For example a functional MRI image of activated areas in the brain is not an image of the consciousness that is present in that brain. Certainly neural networks produce consciousness but we have no way of knowing how this happens. Thus our only window into consciousness is our experience of it.

Furthermore, we may, with certainty, say that there will never be a time in which a thought process may be described in terms of nervous activity. Even if it were possible to describe each neural firing and excitatory or inhibitory activation of synapses this would still not amount to a description of an event in consciousness. What would be missing would be the self that experiences this event.

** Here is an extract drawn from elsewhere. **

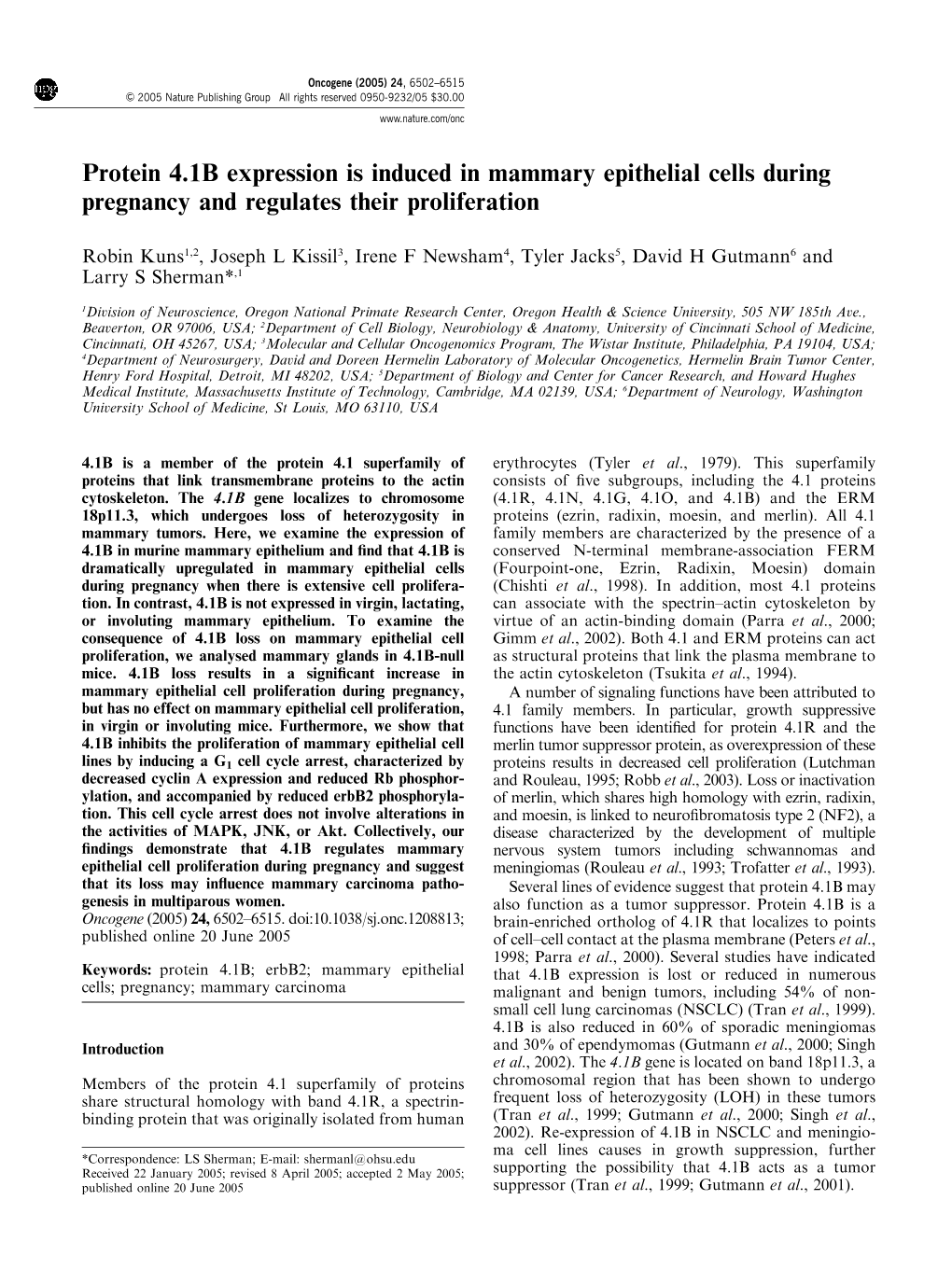 Protein 4.1B Expression Is Induced in Mammary Epithelial Cells During Pregnancy and Regulates Their Proliferation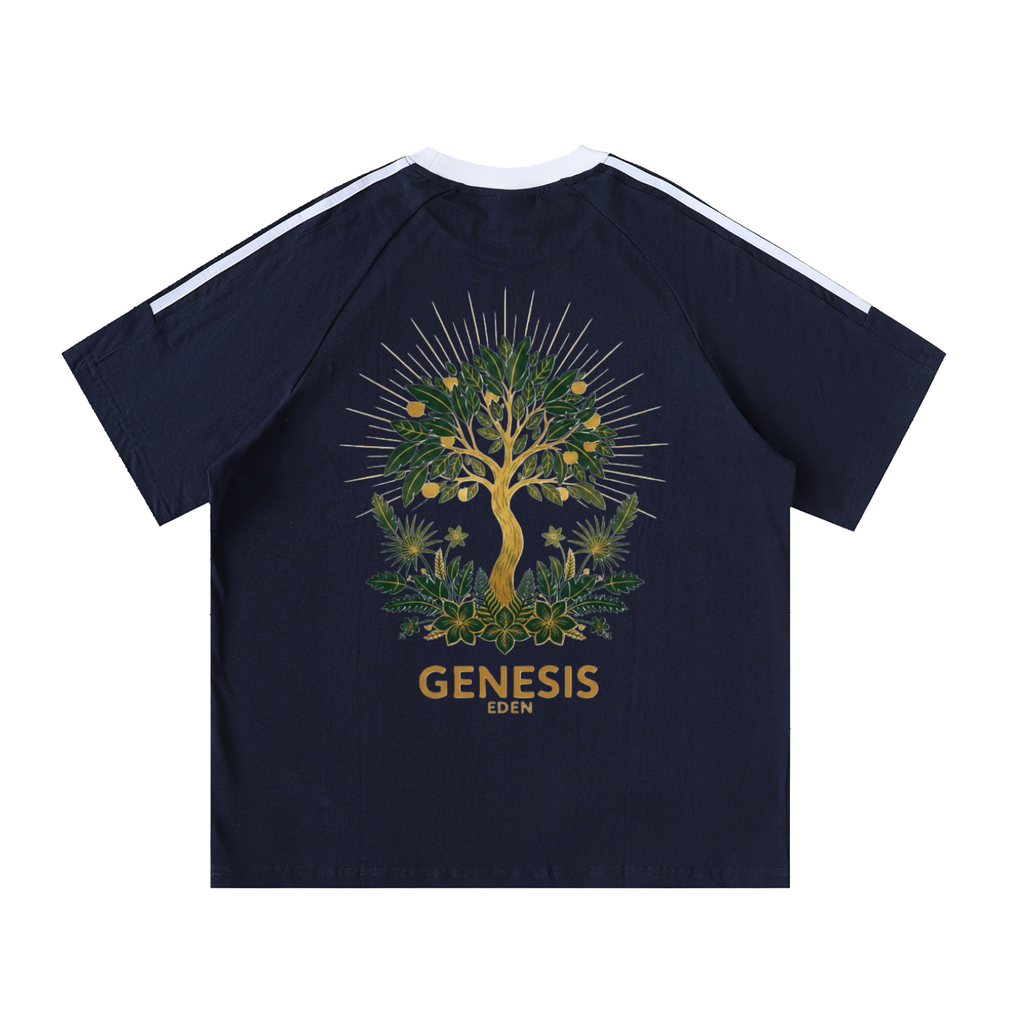 THE GENESIS COLLECTION: GARDEN Unisex Contrast Tape Crewneck Cotton T-Shirt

Thus although we may say that events in consciousness have their basis in neural firing and connectivity there is no way that a bridge between them may be found. It is because of this gap that we are forced to invent a different language when we attempt to describe an experience or a thought process. The words that are traditionally used are "spirit" or "psyche" or "soul". None of these words point to the existence of the immaterial, they denote human consciousness.

These words encompass the whole of human experience, of memory and life story that contributes to identity. They encompass hopefulness, dread, anxiety, joy and love. There will never be neural analogues to these conscious events even though an area may light up in the brain when we are anxious, for example. Indeed we can say that all of culture is reliant on neural processes but cannot be described by them.

The evolutionary psychologists have demonstrated that the brain is specialized to respond to certain stimuli. This has been referred to as the Swiss Army Knife model of the brain. Thus we have modules that identify human faces, those that acquire language, those that deal with exchanges, care of children, fear of snakes and spiders but not knives and guns.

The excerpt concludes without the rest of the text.